Kudos to vault raider Michael Schlesinger and others at Sony Pictures Home Entertainment for digging up six lesser-known features from the fabled fright factory Hammer Films, out now on DVD for the first time in this above-average three-disc collection. Though best known for their Gothic horror reworkings—CURSE OF FRANKENSTEIN, HORROR OF DRACULA, THE MUMMY, CURSE OF THE WEREWOLF, et al.—the British studio (1935-1978) produced a wide variety of films, from ribald comedies to period swashbucklers.

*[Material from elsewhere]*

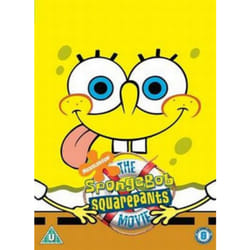Elevation Sales SpongeBob Squarepants: The Movie DVD HD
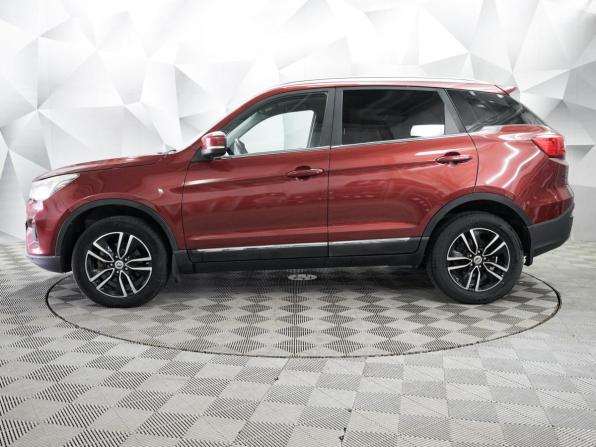 Lifan X70 I с пробегом 2019 года, цена 1 112 000 рублей, 97300 км, внедорожник, Автокод Объявления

Hammer also proved efficient at churning out Hitchcockian/William Castle-style thrillers, four of which (STOP ME BEFORE I KILL!, MANIAC, THE SNORKEL and NEVER TAKE CANDY FROM A STRANGER) have been collected on ICONS OF SUSPENSE, along with a caper film (CASH ON DEMAND) and a meditative science fiction drama (THESE ARE THE DAMNED). These films were all produced in the late ’50s/early ’60s, and a few were even cut by as much as 10 minutes (…THE DAMNED) when issued in the U.S. by co-production distributor Columbia Pictures. All six are being presented in their original uncut forms and in sharp black and white, with digitally remastered picture and audio.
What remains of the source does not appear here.